Barton LLP
New York, New York
Alistair Mactaggart, who proposed the 2018 ballot initiative that prompted the California legislature to pass the California Consumer Privacy Act (CCPA), has proposed a new ballot initiative that, if passed, could bring California closer to the European standard of privacy. As in the past, other states may well follow California’s lead.
The ballot initiative, announced on September 23rd, seeks to amend the CCPA with five new provisions. Two of them closely resemble General Data Protection Regulation (GDPR) standards. The first would establish an independent Privacy Protection Agency, in effect removing CCPA enforcement from the Office of the Attorney General. Within the European Union, each Member State has such an agency, called a Supervisory Authority, that has the power to investigate claims of GDPR violation and levy fines. Several authorities have already done so, including the Information Commissioner’s Office of the United Kingdom, which fined British Airways £183 million in connection with its 2018 data breach, and the CNIL of France, which levied a fine of €50 million against Google for failures of transparency with regard to data privacy.
The second significant provision would require organizations that use algorithms that impact employment, housing and credit decisions to provide explanations of the algorithms’ logic and reasoning. This closely resembles a similar provision in Article 22 of the GDPR.
California is unique in permitting a statute like CCPA to be amended by acts of the Legislature and by ballot initiative. The thrust of the amendments differs greatly between these two methods.

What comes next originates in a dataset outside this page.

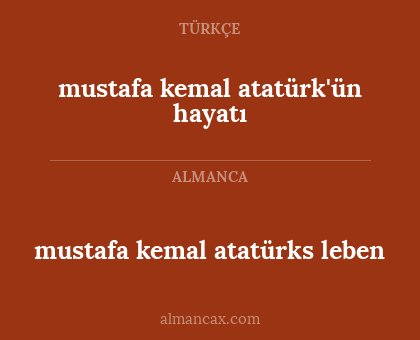 mustafa kemal atatürks leben - mustafa kemal atatürk'ün hayatı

The ballot initiative seeks to expend privacy protections under CCPA, while the legislative amendments seek to narrow them. Five amendments were passed by the legislature before it adjourned on September 13th and are awaiting signature by Governor Gavin Newsom. Some may consider them common-sense, practical adjustments, such as the amendment that removes employee information from the protections accorded to consumer data (AB25), and the amendment that removes notice, access and deletion rights from certain business-to-business communications or transactions (AB 1335).
While these amendments, if signed by the Governor, may grant more certainty for businesses who access Californians’ data (and most businesses with a website will certainly do so and thereby be subject to CCPA), the ballot initiative with its potential for privacy rights expansion may make planning more difficult. Add to this mix the fact that, in the absence of federal legislation, over twenty states introduced privacy and/or cybersecurity bills in the last session. Some bills, like the Washington Privacy Act and the New Mexico Consumer Privacy Act, also closely hew to more expansive GDPR standards. Several states, such as Colorado, Ohio, Illinois, Vermont and, most recently, New York, have already enacted stringent privacy and/or cybersecurity statutes.

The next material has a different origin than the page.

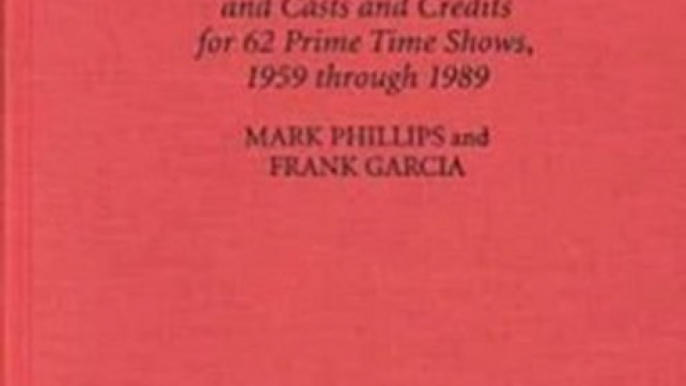 Fun Book Review: Science Fiction Television Series: Episode Guides, Histories, and Casts and Credits for 62 Prime Time Shows, 1959 Through 1989 by Mark Phillips, Frank Garcia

To make practical sense of all this and increase growth by gaining trust of business customers and consumers, organizations that market nationally (as do most that have a website) and internationally, should seek advice as to how to prepare information management processes that meet the common themes of these provisions. They will only get stricter, and consumers will only be more vigilant in confirming an organization’s commitment to privacy.